The facts of the underlying commitment offense, as summarized by the Los Angeles Superior Court, are as follows:

The record reflects that on January 9, 1988, [Arauz] shot and killed his estranged common law wife after a heated argument regarding child custody and other domestic matters. [Arauz] and the victim had separated approximately one month earlier. He accused her of having an affair and deserting him and their children. On the day of the murder, [Arauz] had been drinking when he called the victim and requested that she come to his sister's house to discuss the custody issues. [Arauz] had been living with his sister since the separation. When she arrived at the residence, [Arauz] and the victim entered the bedroom and began arguing. shot the victim three times. As [Arauz] left the residence, he told his 13-year old nephew to call the paramedics and the police.*fn4

II. GROUNDS RAISED/DEFENSES

Price raises two grounds for relief: (1) the Board violated the contractual plea agreement by denying his parole based upon fact he had not admitted; and (2) denial of parole was not based upon reliable evidence in the record.
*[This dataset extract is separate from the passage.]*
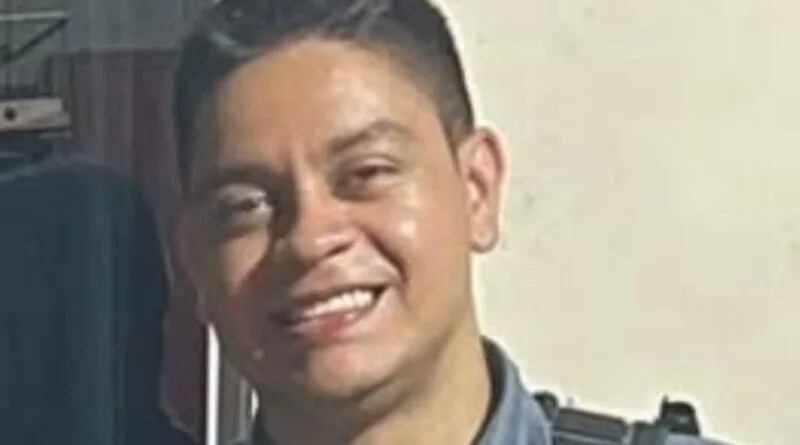 Suspeito de matar PM em Cantanhede morre em confronto com a polícia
Respondent asserts no affirmative defenses.*fn5

III. STANDARD OF REVIEW

Under the Antiterrorism and Effective Death Penalty Act of 1996 ("AEDPA"), 28 U.S.C. § 2254(d), this court cannot grant relief unless the decision of the state court was "contrary to, or involved an unreasonable application of, clearly established Federal law, as determined by the Supreme Court of the United States" at the time the state court renders its decision or "was based on an unreasonable determination of the facts in light of the evidence presented in the State court proceeding."*fn6 The Supreme Court has explained that "clearly established Federal law" in § 2254(d)(1) "refers to the holdings, as opposed to the dicta, of [the Supreme Court] as of the time of the relevant state-court decision."*fn7 The holding must also be intended to be binding upon the states; that is, the decision must be based upon constitutional grounds, not on the supervisory power of the Supreme Court over federal courts.*fn8

Thus, where holdings of the Supreme Court regarding the issue presented on habeas review are lacking, "it cannot be said that the state court 'unreasonabl[y] appli[ed] clearly established Federal law.'"*fn9 When a claim falls under the "unreasonable application" prong, a state court's application of Supreme Court precedent must be objectively unreasonable, not just incorrect or erroneous.*fn10 The Supreme Court has made clear that the objectively unreasonable standard is a substantially higher threshold than simply believing that the state court determination was incorrect.*fn11 "[A]bsent a specific constitutional violation, federal habeas corpus review of [state court] error is limited to whether the error 'so infected the trial with unfairness as to make the resulting conviction a denial of due process.'"*fn12

In a federal habeas proceeding, the standard under which this court must assess the prejudicial impact of constitutional error in a state-court criminal proceeding is whether the error had a substantial and injurious effect or influence in determining the outcome.*fn13 Because state court judgments of conviction and sentence carry a presumption of finality and legality, Arauz has the burden of showing by a preponderance of the evidence that he merits habeas relief.*fn14

In applying this standard, this court reviews the last reasoned decision by the state court.*fn15

Under AEDPA, the state court's findings of fact are presumed to be correct unless the petitioner rebuts this presumption by clear and convincing evidence.*fn16 This presumption applies to state trial courts and appellate courts alike.*fn17

IV. DISCUSSION

Ground 1: Breach of Plea Agreement

Arauz argues that the Board violated and was an unreasonable application of clearly established federal law by relying on facts related to a higher degree of offense than the State agreed to under the plea agreement to extend his term of agreement under the sentencing range for a agreed upon offense. The Los Angeles Superior Court rejected Arauz's arguments, holding.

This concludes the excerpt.